New Years Eve San Francisco Events
Related Articles: Movies, All

Nanny McPhee

Every Little Thing She Does

Ill-behaved children, beware! There is a new sheriff in town. The mysterious Nanny McPhee has a gift for taming the wildest and most unruly of children. This is most fortunate for the beleaguered Cedric Brown whose gang of young miscreants has driven away a staggering 17 nannies!

Having exhausted the entire town's supply of available nannies, Nanny McPhee arrives on Cedric's doorstep deus ex machina style. While put off by McPhee's warts, snaggletooth, and bulbous nose, Cedric doesn't exactly have a plethora of options. In short order, McPhee becomes a fixture in the Brown household.

Much to the chagrin of Cedric's children, McPhee is immune to their normal tactics for tormenting nannies and quickly lays down the law with her magical stick. Thus, begins a charming story of love and reconciliation in Nanny McPhee.

Playing the aforementioned McPhee in heavy makeup is Emma Thompson. The makeup job on Emma is so convincing that it took about half the runtime of the film to finally recognize her under the warts and bloated nose. Thompson brings a wry sense of humor to her turn as McPhee. It's a bit of a departure from the period pieces Thompson seems to prefer, but it's a refreshing departure.

Colin Firth does a serviceable job as the troubled widower, Cedric Brown. Firth seems sufficiently harried and bent out of shape over his children's poor behavior, but seems ill equipped to deal with his children in any substantive way. Some of this is attributed to his grief over the death of his wife, but it comes across as more than a bit self-absorbed at times.

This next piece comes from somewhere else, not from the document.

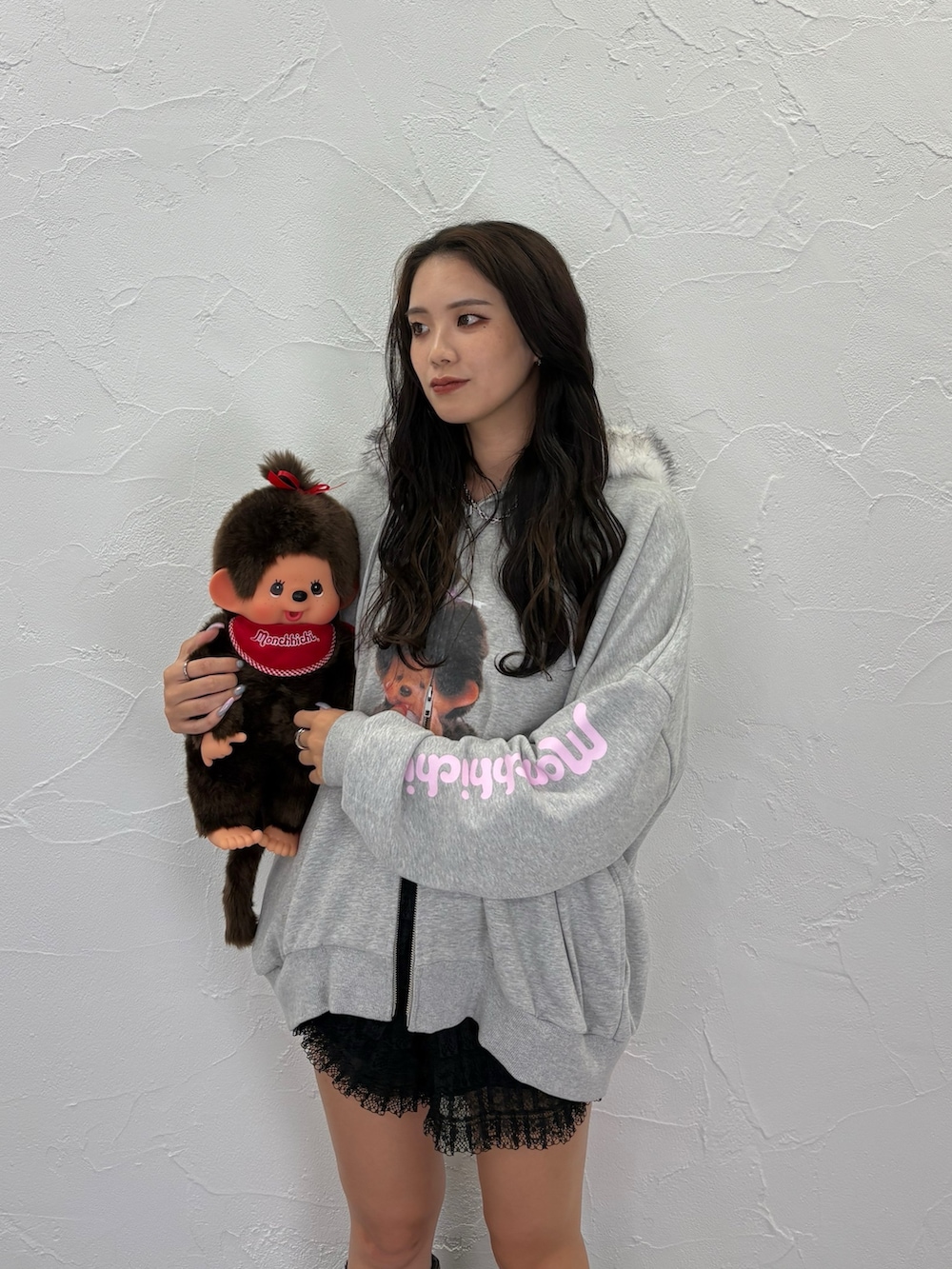 グレー系のパーカー、ブラック系のブーツ、ピンク系のショルダーバッグを着用したレディースの夏コーディネートの3枚目の写真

Naturally, it is up to Nanny McPhee to not only reform Cedric's mischievous children, but bring this somewhat fractured family back together. Based on the "Nurse Matilda" book series, Nanny McPhee is a story that easily could have careened into sappy, saccharine, and emotionally overwrought territory.

Fortunately, star and screenwriter Emma Thompson and able handed director Kirk Jones manage to keep the film on track marrying a dark, wry sense of humor with family oriented subject matter. It's a formula that works fairly well as kids will no doubt enjoy the slapstick antics of the kids while parents will appreciate some of the more mature humor that the kids won't get.

Nanny McPhee is a refreshing treat during a time of year that is typically dominated by heavy Oscar contenders or middling genre pics (Big Momma's House 2, anyone?) that no one has the confidence to release during the cutthroat summer season. Virtually everything Nanny McPhee does is magic.